The next step is to take account of the fact that individuals within a
given household may be non-independent of each other in their voting
intentions (and may indeed tend to disagree with each other rather
than all vote the same way).  Positive dependence between individuals
in a household could be modelled by the Dirichlet-multinomial
distribution~\citep{mosimann1962}, but by using the Multiplicative
Multinomial introduced here, we are allowing dependence between
individuals in a household to be positive or negative.
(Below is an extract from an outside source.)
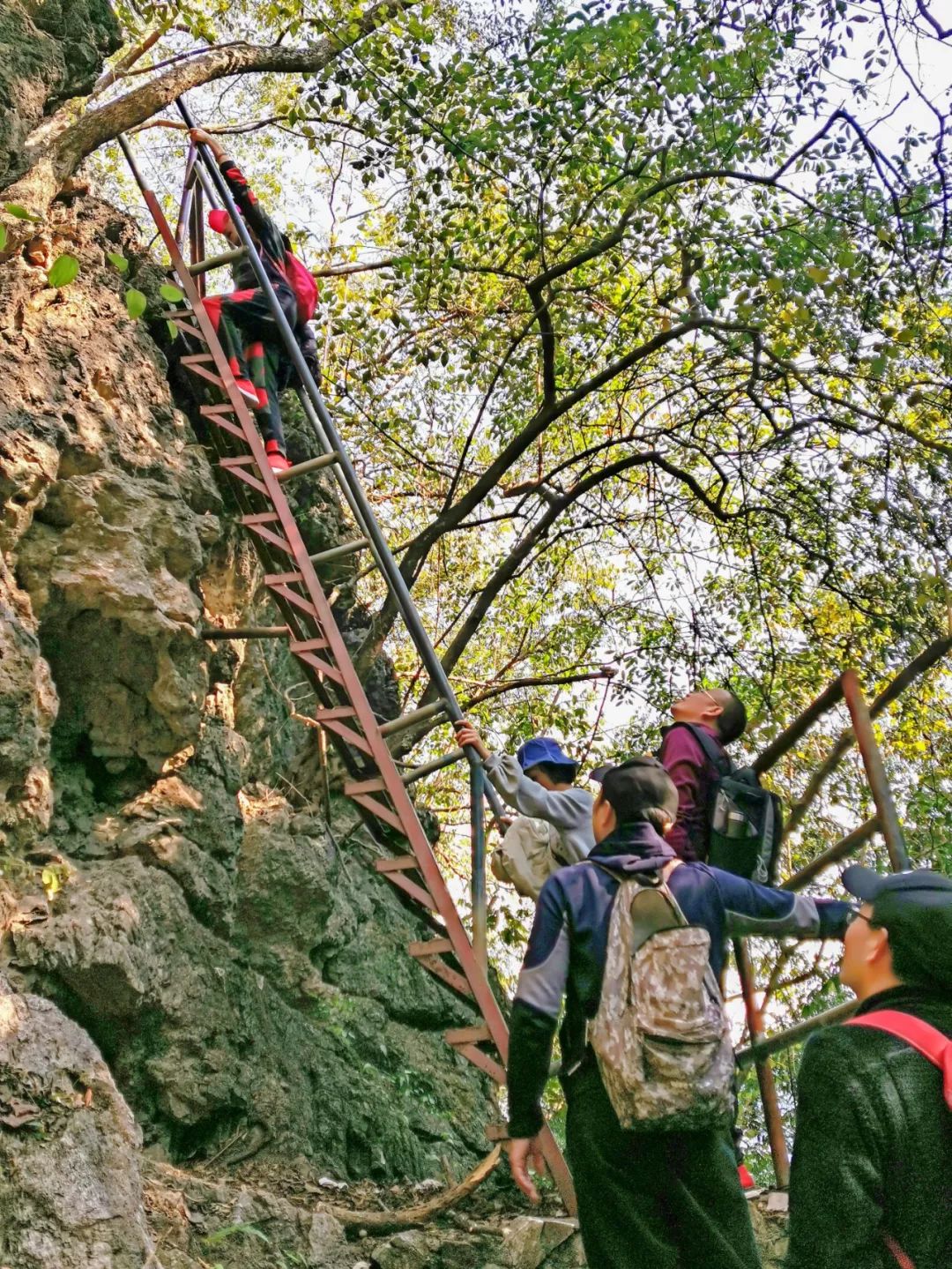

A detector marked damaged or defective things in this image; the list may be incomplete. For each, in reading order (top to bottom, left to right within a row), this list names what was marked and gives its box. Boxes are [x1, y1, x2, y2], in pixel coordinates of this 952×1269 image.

The MM parameters may be estimated, again following~\cite{lindsey1992}
but this time admitting first-order interaction, using bespoke
function~\code{Lindsey()}:
<<use_lindsey_voting,echo=TRUE,print=TRUE>>=
Lindsey(voting, voting_tally, give_fit = TRUE)
@ 

<<lindsey_fit,echo=FALSE,print=FALSE>>=
jjvoting <- Lindsey(voting, voting_tally, give=TRUE)
p.fit <- jjvoting$fit$coefficients[1:3]
p.mle <- p(jjvoting$MLE)
@ 

Observe that the MLEs of~$p$ [viz~$(\Sexpr{round(p.mle[1],3)},
  \Sexpr{round(p.mle[2],3)}, \Sexpr{round(p.mle[3],3)})$] are obtained
as proportional to the exponential of the estimated regression
coefficients: $(e^{\Sexpr{round(p.fit[1],3)}},
e^{\Sexpr{round(p.fit[2],3)}}, e^{\Sexpr{round(p.fit[3],3)}})$,
normalized to add to 1.
     
This model is quite a good fit in the sense that the null
deviance~$\Sexpr{round(jjvoting$fit$deviance,1)}$ is not in the tail
region of~$\chi^2_9$, its null distribution; it can be seen that all~3
interaction parameters are significant and, for example,
$\hat{\theta}_{23} =\Sexpr{round(theta(jjvoting$MLE)[2,3],3)}
=\exp\left(\Sexpr{round(log(theta(jjvoting$MLE))[2,3],3)}\right)$.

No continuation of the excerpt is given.